And she said to her father, "Let not my lord be angry that I cannot rise before you, for the way of women is upon me." So he searched but did not find the household gods. Rachel's excuse, "the way of women is upon me," is a reference to menstruation. In the ancient world, menstruation involved ritual considerations (Leviticus 15:19-30); a menstruating woman was not expected to rise in greeting, and a respectful male would not require her to do so or perhaps touch the surface she was sitting on. Rachel uses this social convention to prevent Laban from insisting she move so he can search the saddle.

Whether Rachel was actually menstruating is not stated; the line may be a protective excuse. The detail connects to the contested question of Rachel's pregnancy timeline: she may have been pregnant with Benjamin at this point, which would explain why rising was physically uncomfortable and why the "way of women" had departed from her as a sign of pregnancy. The ambiguity is part of the text's refusal to resolve Rachel's deception with more information than the scene requires.

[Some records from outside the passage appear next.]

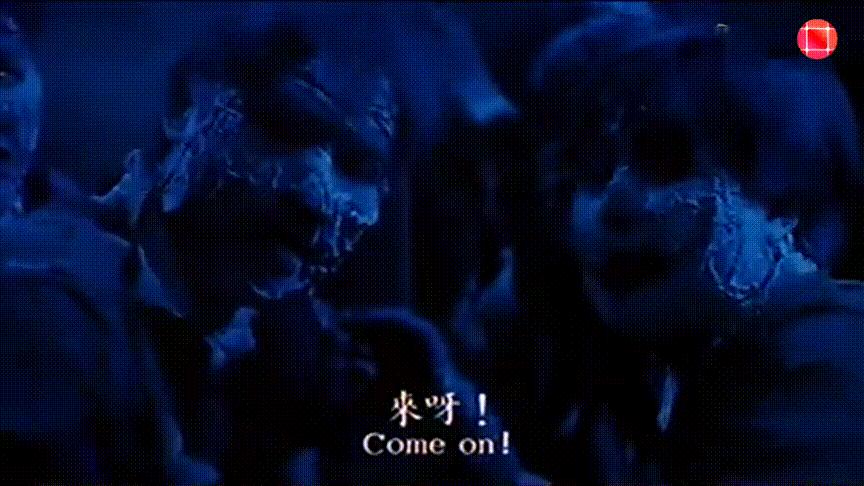 有什么好看的鬼片推荐吗,有什么好看的鬼片推荐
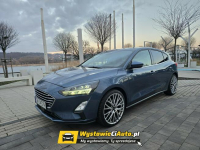 Ford Focus TELEFON: 606 504 729 | LOKALIZACJA: Włocławek Nasiegniewo - zdjęcie 1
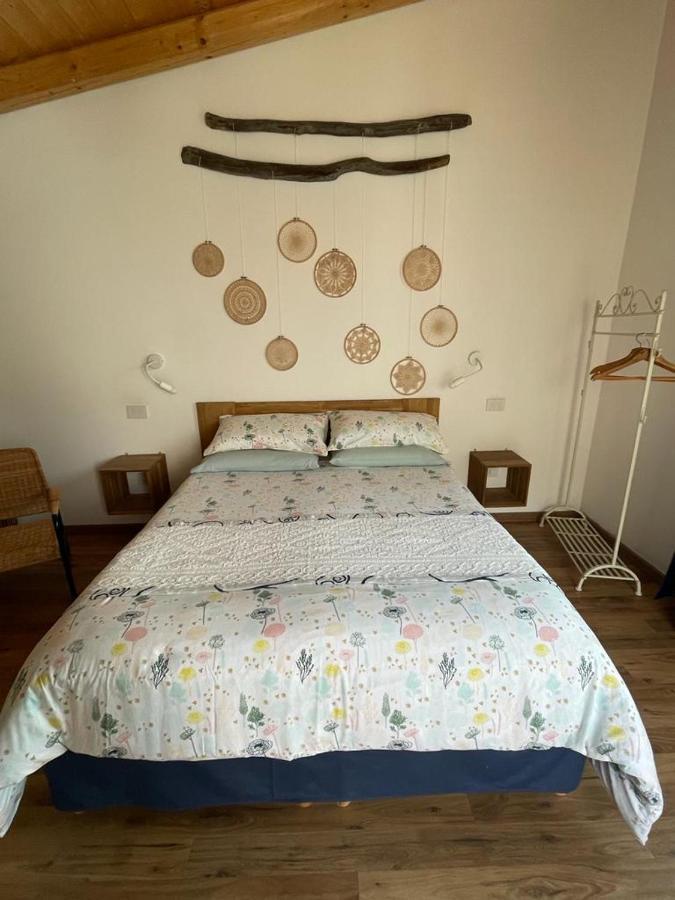 Torremana Otel Càbras Dış mekan fotoğraf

Laban's deference to Rachel's stated condition means he cannot move her, cannot remove the saddle, cannot find the gods. Rachel's knowledge of social convention and her willingness to use it converts a desperate situation into a successful concealment. The search ends with the gods still hidden; Laban has searched everywhere and found nothing. The confrontation moves on to Jacob's counter-accusation in verse 36, with the gods still in Rachel's possession and the death-oath of Jacob in verse 32 hanging unresolved over the scene.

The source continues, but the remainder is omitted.